Tuesday, June 10, 2014

How I made some noticeboards

Having found or created posters, timetables and notices and printed them out (see How I created period posters, enamel signs and notices), I decided that some of them needed to be mounted on noticeboards.

A piece of 1.2mm (50thou) thick black plasticard was trimmed roughly to the size of the poster, plus 3-4mm on each edge.

3mm wide strips of 1.4mm (55thou) thick black plasticard were then glued to the edges using liquid poly adhesive. The strips were deliberately cut to be longer than needed and overlapped at the corners (but not glued).

When the glue had set sufficiently to grab the strips, a craft knife was positioned diagonally across the overlapping strips at the corners and pressure applied to cut through both strips.

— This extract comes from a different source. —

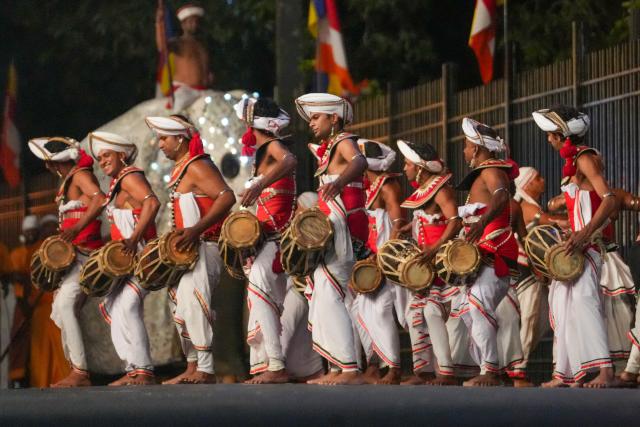 (260819) -- KANDY, Aug. 19, 2026 (Xinhua) -- Performers attend a procession celebrating the Esala Perahera festival in Kandy, Sri Lanka, on Aug. 18, 2026. Esala Perahera is one of the grandest Buddhist festivals in Sri Lanka, with a history of more than 1,000 years. (Photo by Thilina Kaluthotage/Xinhua)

This helped to ensure that the mitres for the corners matched exactly. Liquid poly glue was then flooded into the corners with a paintbrush and left to set.

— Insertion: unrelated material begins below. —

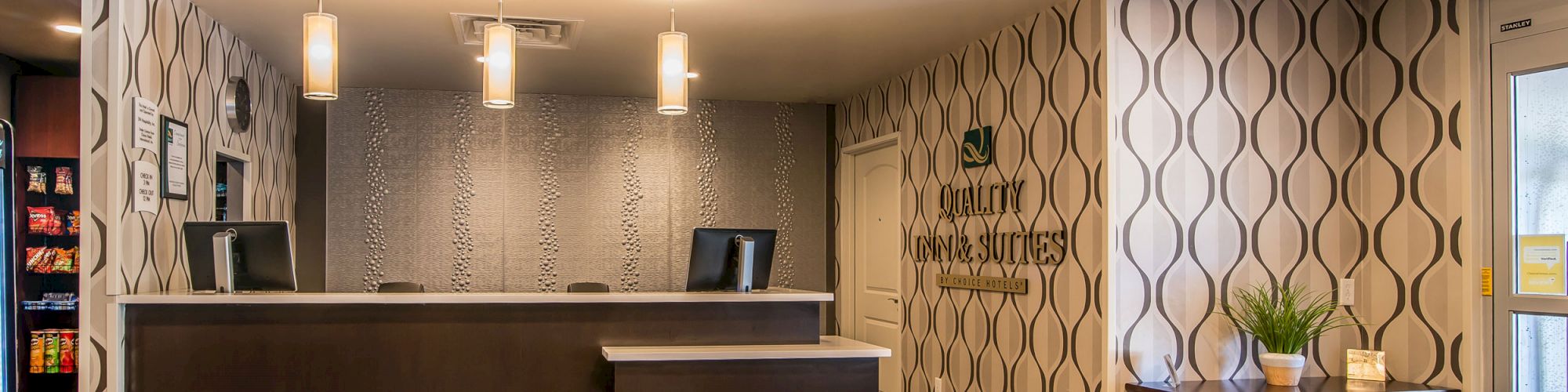 This image shows a modern, well-lit hotel reception area with a front desk, decorative wall pattern, and a small table with plants and decor items.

The frames were then rubbed-down with fine abrasive paper before being given a couple of coats of acrylic paint. The virtue of using black plasticard is that the insides of the frame do not need to be painted. As can be seen from the photo below, some of my edging strips were not quite 3mm in width, I'm sure those who have more precise cutting skills than me (or those who purchase microstrip) will do a better job.
I've found in the past that a light coating of matt or semi-matt varnish prolongs the life of the posters, however, even with this precaution, it seems that slugs and snails enjoy feasting on any form of paper and so, from this year onwards, I am tending to remove my buildings from the garden when I know the railway is not going to be used for a few days.